|
|
|
|
|
by javierluraschi
2611 days ago
|
|
In my experience, R is really fast since I t was designed to store data in columnar format which we now all know is best for data analysis. So, in most cases, scaling up computation is quite easy. To scale out, you can use Apache Spark with R, the interface I’ve worked on, sparklyr is quite easy to use and allows you to scale out computation. Just to give you an example of what’s possible, I was playing around yesterday with a ray tracing prototype someone is building and scaled it out in Spark, see https://twitter.com/javierluraschi/status/112055769372135424... — it’s a misconception that R is slow or can’t scale. |
|
Column stores are standard in any analytics pipeline today. They make up Python's Pandas, R's dplyr, and Java's DataFrame. How or why does R stand out for 'massive amounts of data'?
R does not have have meaningful out of core compute offerings that compare with something like Dask.
R does not at all have cluster compute offerings that compare to Dask Distributed.
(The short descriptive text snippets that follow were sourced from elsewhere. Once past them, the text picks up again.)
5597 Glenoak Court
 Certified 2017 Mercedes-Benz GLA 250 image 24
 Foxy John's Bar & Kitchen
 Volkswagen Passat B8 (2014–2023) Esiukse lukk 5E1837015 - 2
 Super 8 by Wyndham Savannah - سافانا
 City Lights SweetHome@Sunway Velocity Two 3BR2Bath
If you want to know what real performance looks like, check out Python's cudf which will shortly fully match the Pandas api. That raytracing example you linked would run at interactive rates with cudf, I really don't see any basis for perf arguments in R's favour, and 'massive data' arguments are laughable here.
Whatever advantages R has, perf or scalability are definitely not amongst them.